Segment Start: INPUT MATERIAL

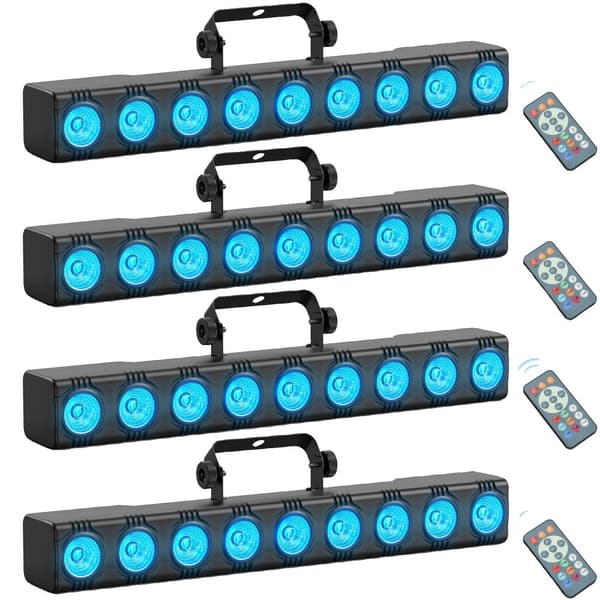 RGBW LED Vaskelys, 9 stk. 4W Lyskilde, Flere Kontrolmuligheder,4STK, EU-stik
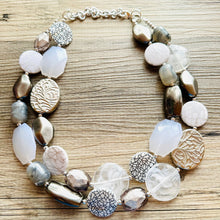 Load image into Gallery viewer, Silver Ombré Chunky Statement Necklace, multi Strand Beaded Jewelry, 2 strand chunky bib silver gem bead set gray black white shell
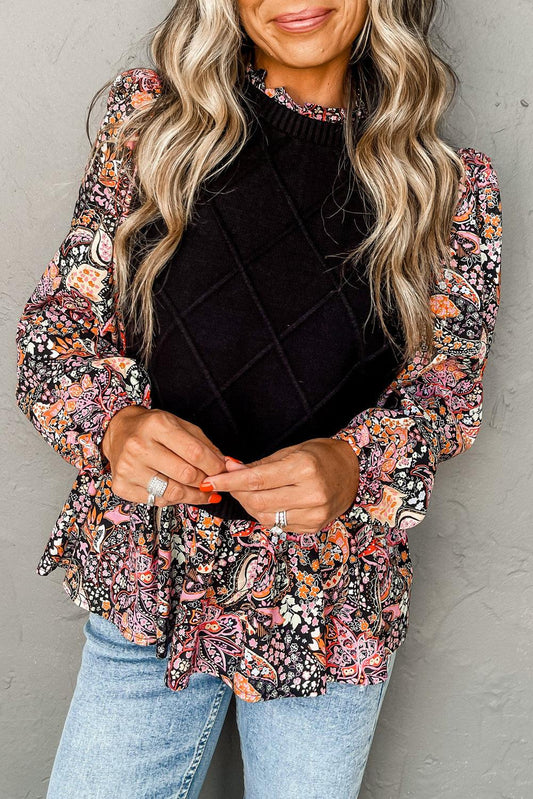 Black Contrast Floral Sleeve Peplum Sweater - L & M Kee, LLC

Segment End: INPUT MATERIAL
Segment Start: INPUT MATERIAL

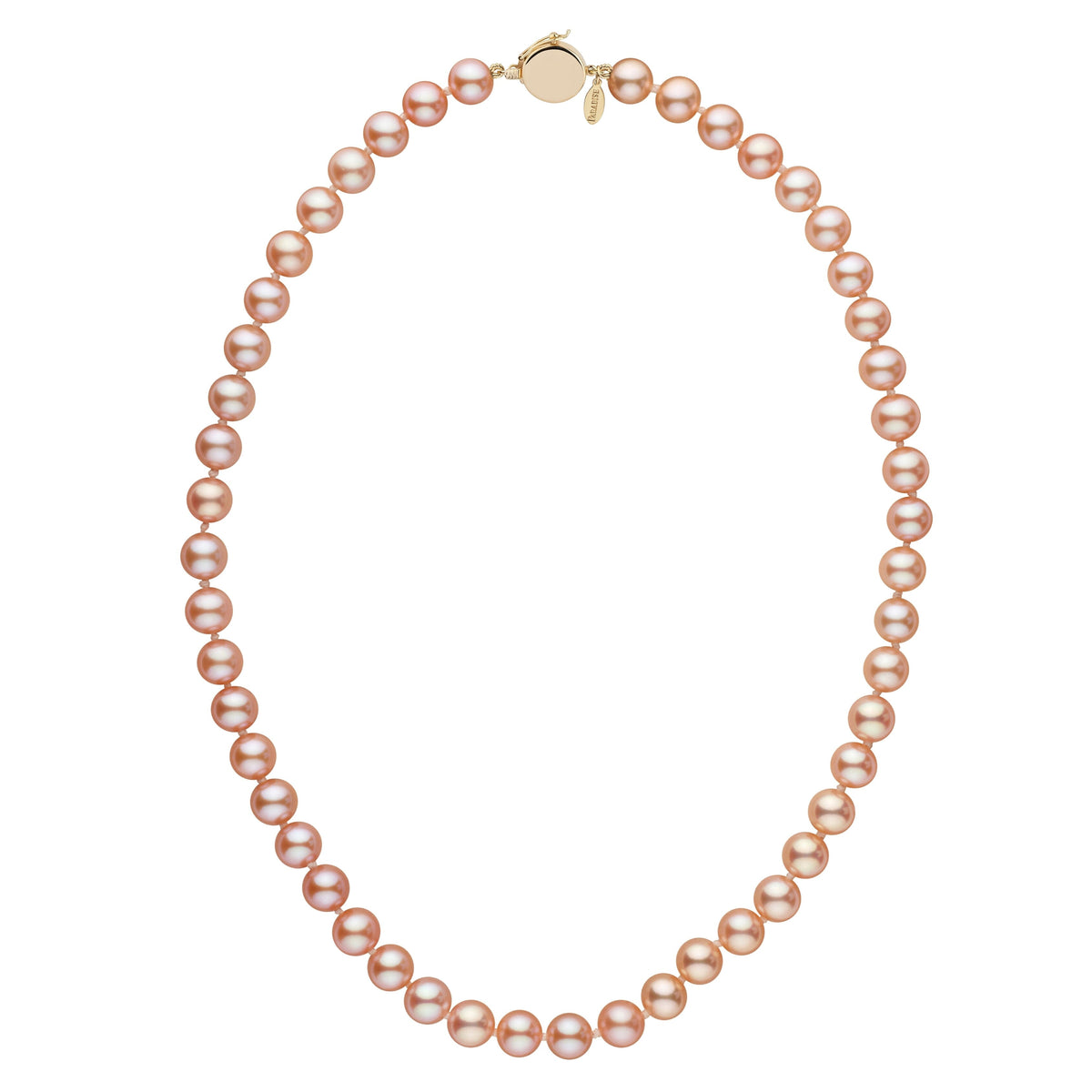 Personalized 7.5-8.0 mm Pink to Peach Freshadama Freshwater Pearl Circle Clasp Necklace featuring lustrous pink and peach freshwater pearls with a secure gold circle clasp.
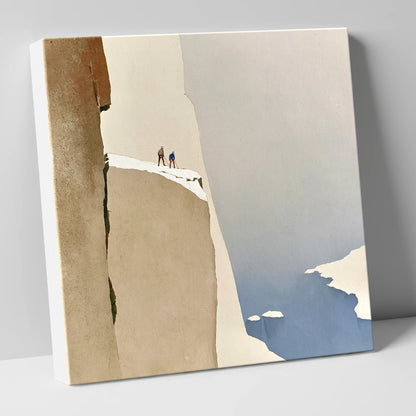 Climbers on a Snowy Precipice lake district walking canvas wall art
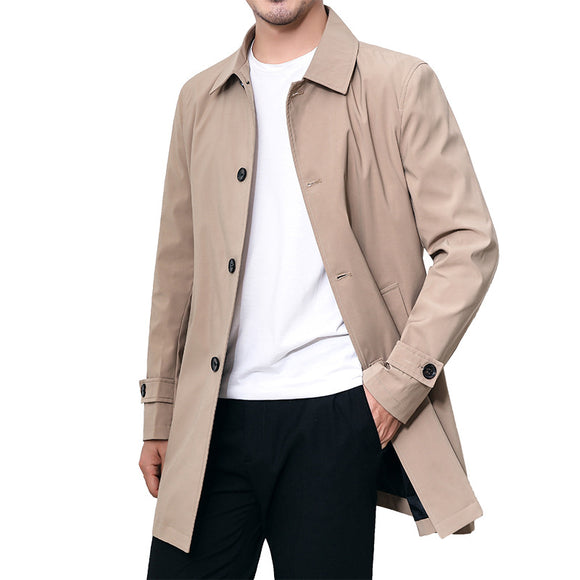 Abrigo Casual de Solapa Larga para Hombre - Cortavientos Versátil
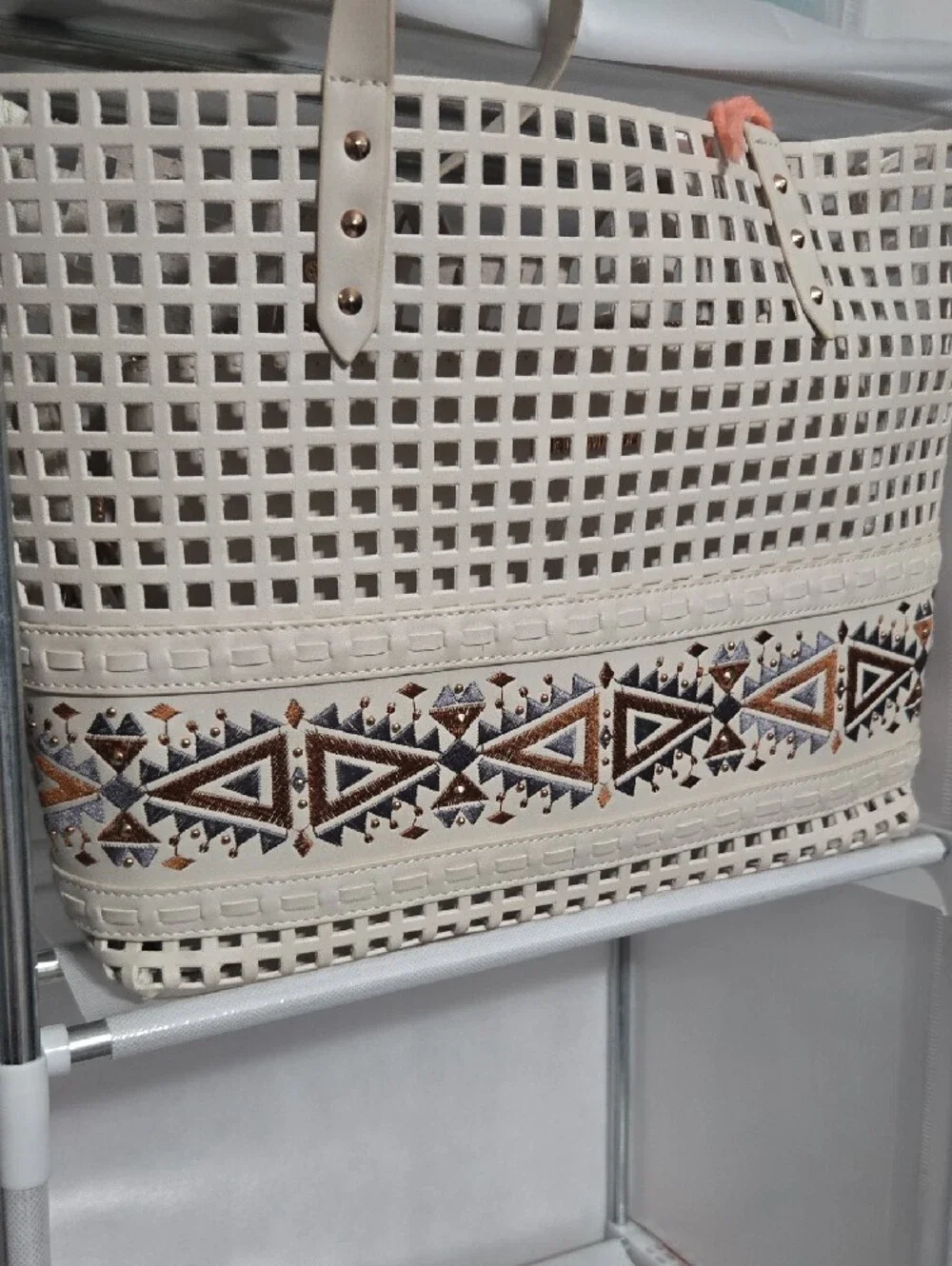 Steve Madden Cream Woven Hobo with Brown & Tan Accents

Segment End: INPUT MATERIAL
Segment Start: INPUT MATERIAL

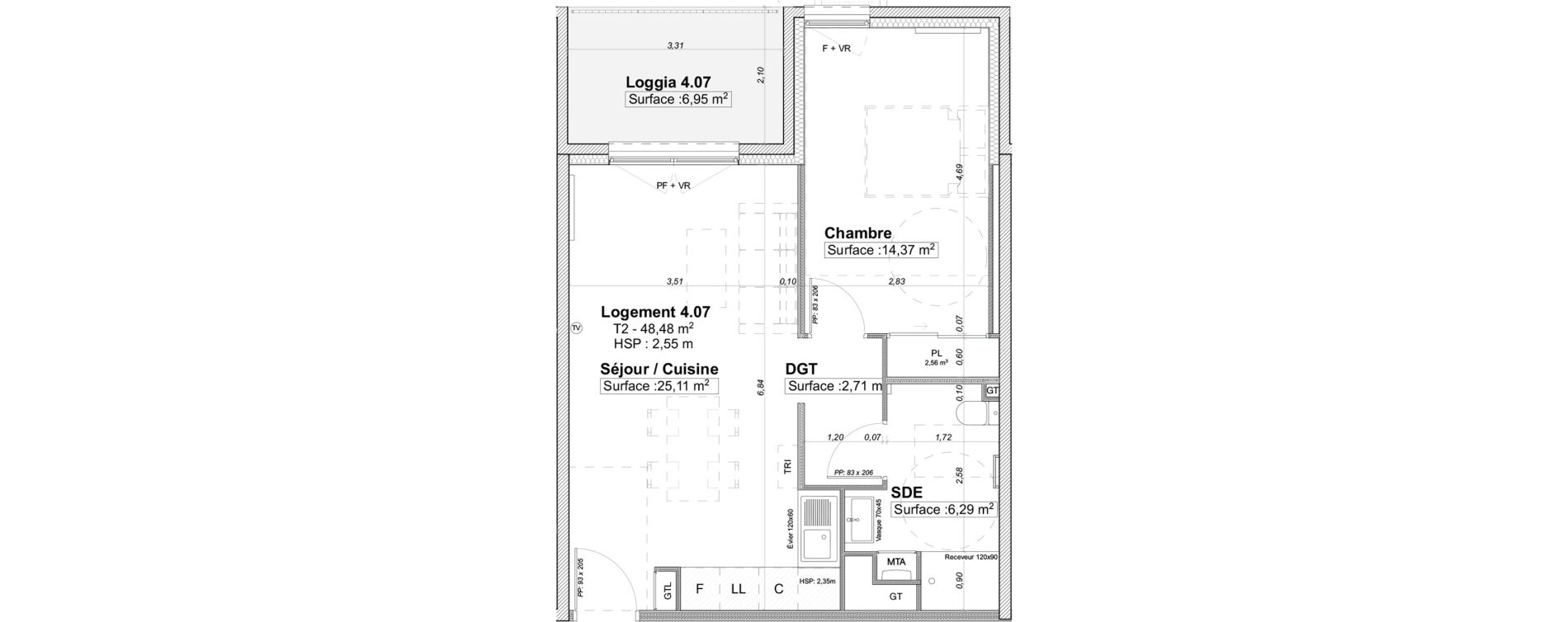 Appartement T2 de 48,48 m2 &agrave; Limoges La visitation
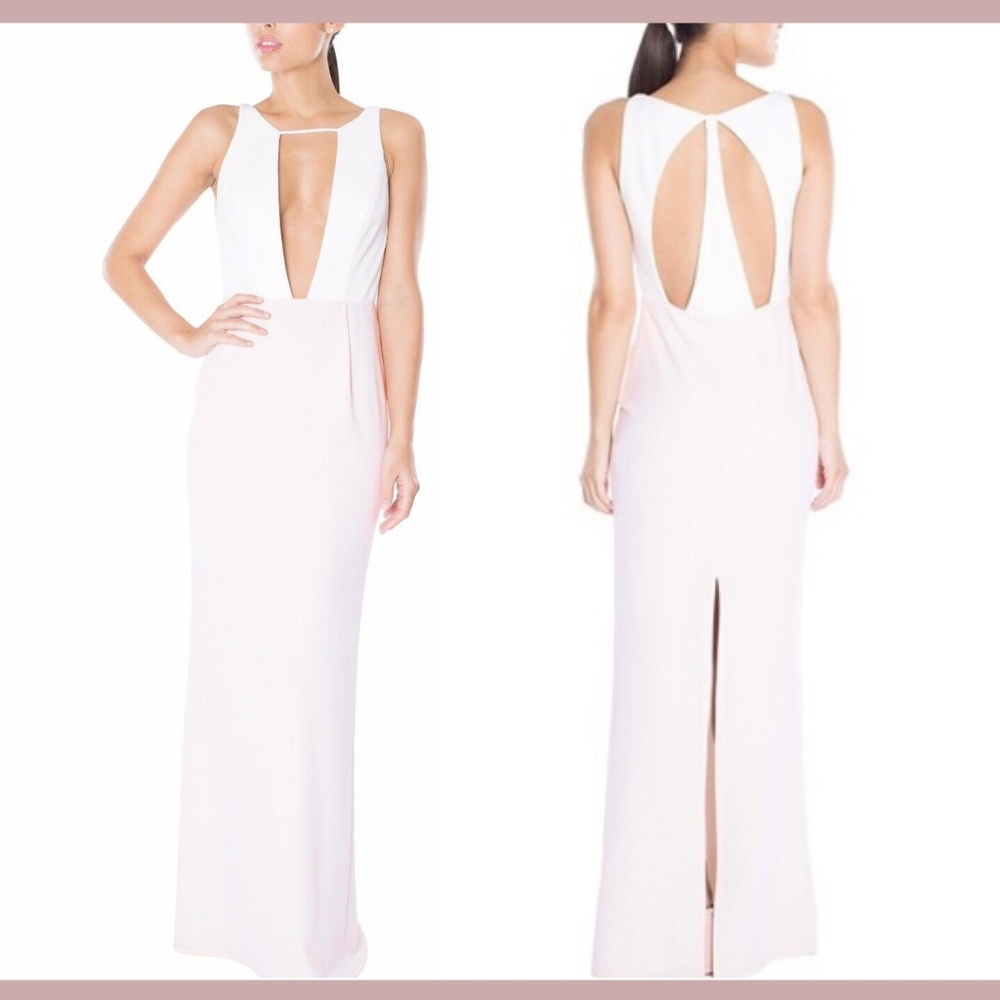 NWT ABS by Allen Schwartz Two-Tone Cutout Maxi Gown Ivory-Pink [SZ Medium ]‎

Segment End: INPUT MATERIAL

→ **TASK STATEMENT**
Write out word for word the lines of the listing above from the line with "Appartement T2 de" to the line with "NWT ABS by Allen", taking in both of those lines but no pictures.

→ **OUTPUT OF THE EXERCISE**
 Appartement T2 de 48,48 m2 &agrave; Limoges La visitation
 NWT ABS by Allen Schwartz Two-Tone Cutout Maxi Gown Ivory-Pink [SZ Medium ]‎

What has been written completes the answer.